Stop shaming trigger/content warnings

Michea B
3 min readJan 11, 2022

We’ve all heard or seen the lines before mocking trigger and content warnings such as, “Life doesn’t come with trigger warnings! Grow up and stop being so sensitive!” when the topic comes up for discussion. Generally there’s also a meme or several thrown around of women with upset or enraged expressions that have been picked out from a video to maximize the memefication of the so-called “triggered liberal/woman/what have you.” We’re told we’re weak or that “back in [person’s] day nothing had trigger warnings” and we need to “grow a pair.”

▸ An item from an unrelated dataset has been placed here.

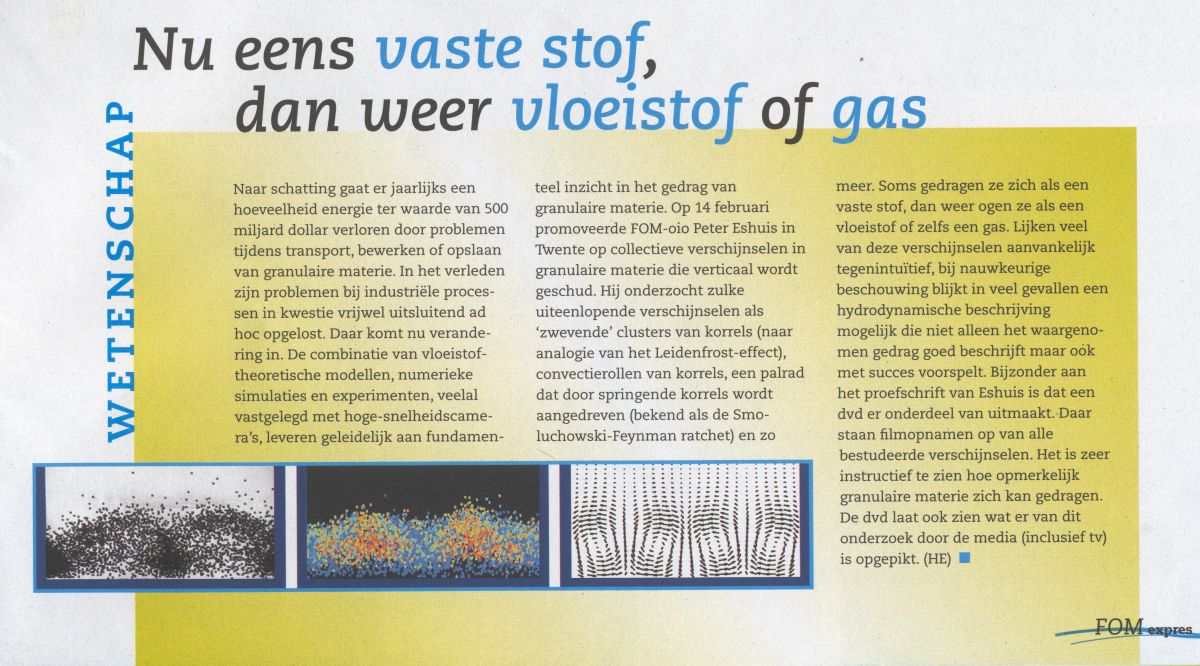 Promotie Peter Eshuis in FOM Expres Voorjaar 2008 - Voorpagina (169K)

Ok, first off, what’s wrong with being sensitive and caring about others as well as your own wellbeing? We are a social species and have survived this long by ensuring the wellbeing and safety of those around us. It’s only been in recent history that the shift has been toward individualism (or social atomization) and away from community (brought about mostly through settler colonialism/imperialism) and those who remain focused on their communities are often shunned. Caring for the wellbeing of others is seen as a weakness in Western countries unless there is a specific reason behind it, such as a familial obligation or a romantic partnership, when in the past it was understood that the community could only survive if everyone’s needs were met.

We appear to be in a culture these days when the idea of thinking of others when we act is an infringement on our “freedoms” (especially in the USA), whether it be in dealing with the COVID pandemic or letting someone know that what you plan on talking about might be a topic that could cause distress. We tell people to pull themselves up by their own bootstraps (a phrase that doesn’t mean what people think it means) when they reach out for help navigating an increasingly hostile world, or tell them that we had it hard, so why should they have it easier?

The point of progressing as a society is to make it easier/more accessible for the next generation, but we seem to have forgotten that. You want it to be easier/better for your kid(s)/the next generation, that is why you fought so hard for what you have.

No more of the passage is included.